The center of a church building is where the faithful gather. It is from the center, entirely surrounded and in direct sight of all the icons and the faithful, where most liturgical services aside from the Divine Liturgy takes place – reaffirming that liturgy is the work and celebration of the people.

Traditionally, the nave is equilateral in shape restating the fact that communal worship is the basis of our faith. We congregate in the center of the church facing east, the rising sun, the sun which provides us with the light of the world: the son of God. It is here, in the middle of the nave, under the watchful eyes of the Pantocrator, in the midst of the faithful, where major sacramental events take place. The Gospel is proclaimed, the Eucharist is distributed, people commit themselves to marriage, children are baptized, funeral rites are bestowed, and other significant ceremonies take place.

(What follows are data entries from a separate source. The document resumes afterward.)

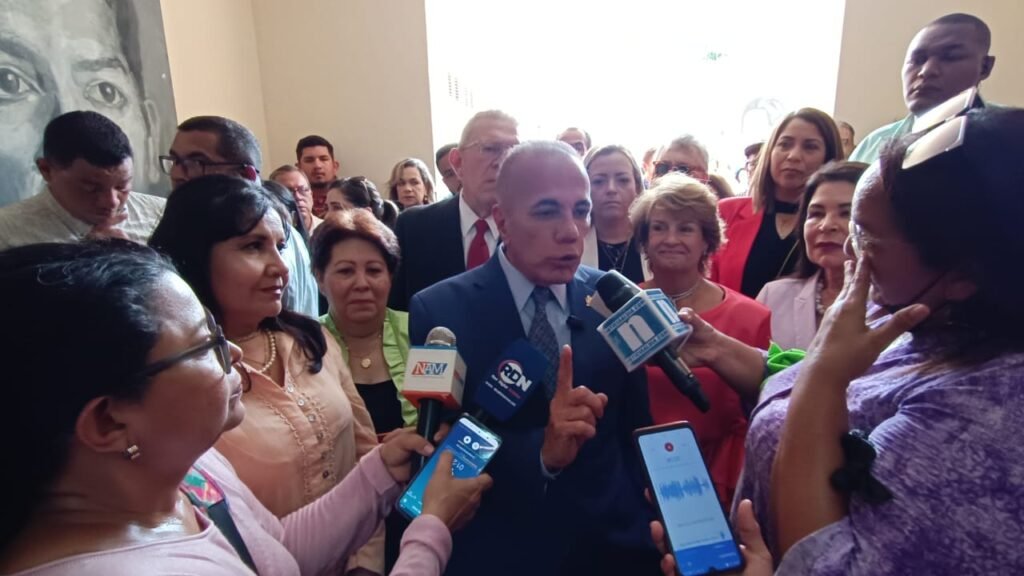 Rosales: "Respaldamos las primarias y todas las soluciones para Venezuela"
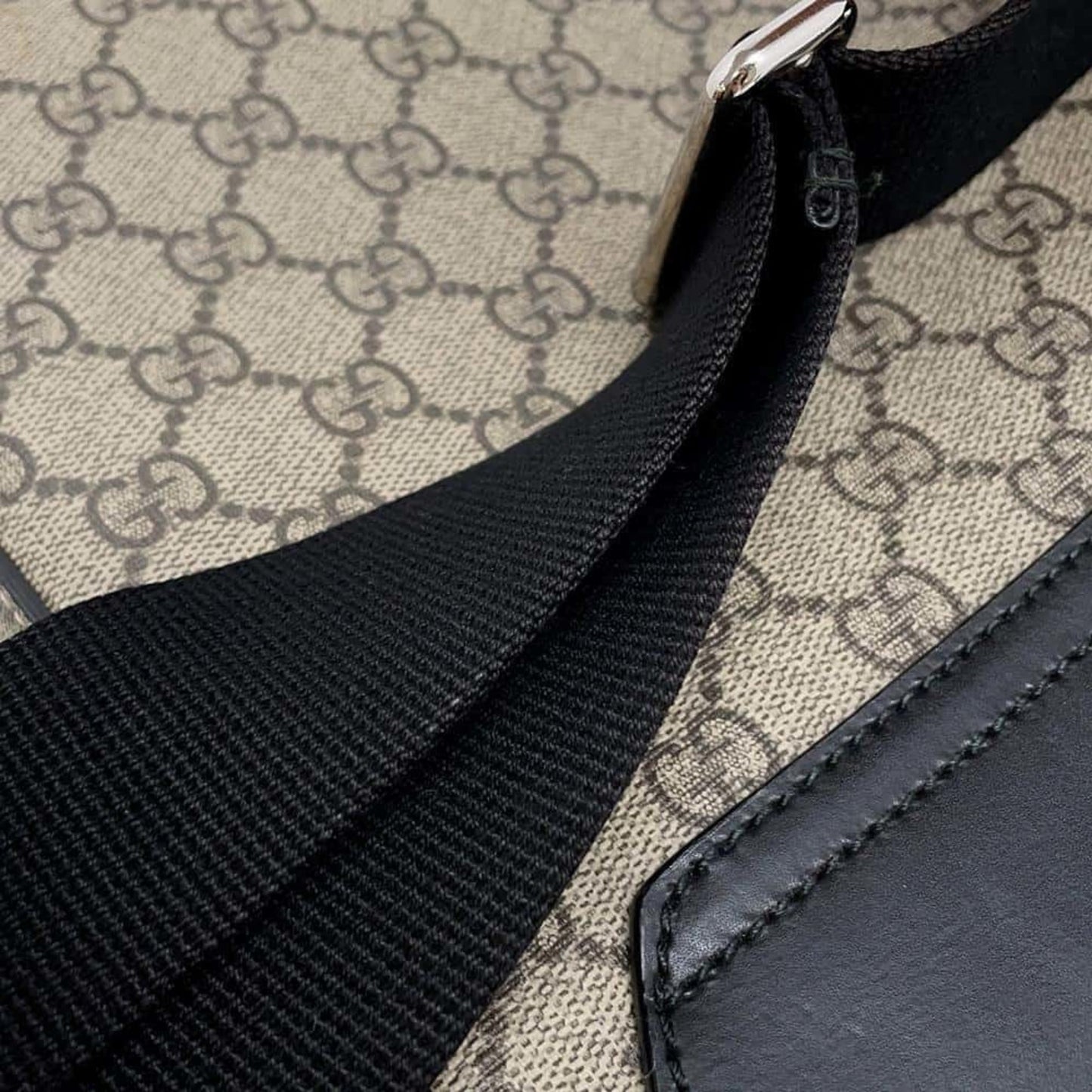 Gucci Beige Black Gg Supreme Leather Messenger Bag Shoulder Bag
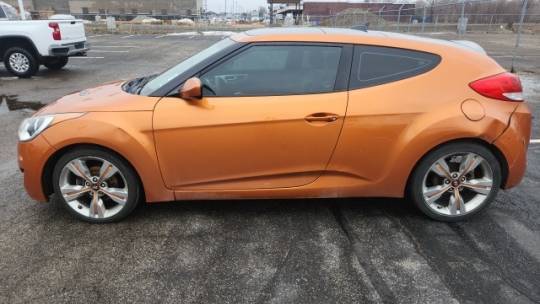2013 Hyundai Veloster Base — Hatchback — 118,831 mi — Indianapolis, IN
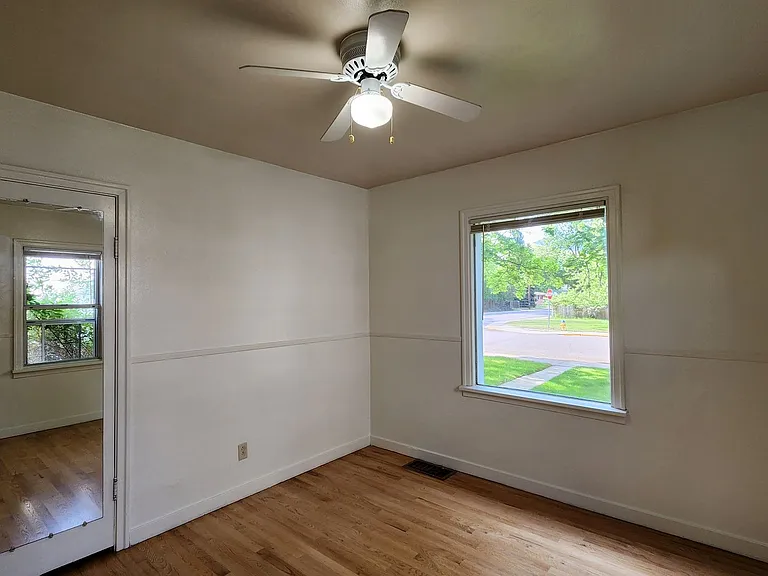 540 Beverly Ave — Photo 9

In the nave there are a myriad of icons – icons of the saints, prophets, apostles, and martyrs. They pray with us at all times. One is to feel surrounded by God and so many holy people gone before. Even when there is but a handful of parishioners present, the church is always full. This foretaste of heaven is important because it gives us the energy to continue our daily spiritual journey. In the nave, where we mystically form the Body of Christ, where we are strengthened in our journey by the icons, by the community, by the word of God and the Eucharist, our focus is drawn to the iconostas and what lies beyond it.

The Sanctuary

The third section of the church, the sanctuary, is separated from the nave by the iconostas. The nave represents the heaven itself; even so, neither the sanctuary nor the people serving in it are perfect – as it represents the perfection of heaven yet to come. In following the teachings of the Holy Church Fathers, we believe that the kingdom is with us, but that it’s full realization is yet to come. The icons of Christ, the mother of God, and the saints on the iconostas stand on the “border” of heaven and face the people, beckoning them on in their journey.

The Sanctuary - The Holy Place separated, yet drawn closer through the iconostas.

The Sanctuary – The Holy Place separated, yet drawn closer through the iconostas.

Iconostasi appear in many shapes and sizes. Some with one or two tiers, like the one pictured, and others are many tiered, adorned with dozens of icons towering all the way to the ceiling. The rubric for iconostasi rarely goes unchanged, however continuity is not essential. The Mother of God sits on the left side while the icon of Christ is set on the right, just as He is seated at the right had of the Father. Traditionally, it is here, before the icon of Christ, that we reconcile our sins face to face with the priest…and God himself. In the middle of the iconostas are the heavenly gates with images of the four evangelists as a reminder that their words are the keys to the kingdom of heaven. The deacons doors are situated on the north and south of the heavenly gates. The north door the Deacon Stephen, this door is liturgically the exit from the sanctuary, or the door to leave heaven itself and call people in. The south door is the liturgical entrance to the sanctuary. The Archangel Michael, sword in hand is the guard at this door, not to fight off those attempting to enter heaven unrightly, but rather, being the guardian angel, he defends the paths of those who wish to enter.

The iconostas originated in the Hebrew temple in Jerusalem where a veil separated the faithful from the mysterious arc of the covenant. Although the iconostas serves a different purpose and has evolved greatly, it still symbolically hides the mystery of the awesomeness of heaven. Yet, during the liturgy the heavenly gates are opened providing us with a peek at the kingdom of God, and ultimately during the Easter season, they are kept open representing the fact that Christ destroyed death and gave everybody the opportunity to see into heaven.

Strengthened by the experience of heaven, we are now able to return to the everyday world we left at the beginning of the journey. We return and share the Good News of Christ with others, building with love, forgiveness, compassion, justice and joy the heavenly kingdom on earth with God.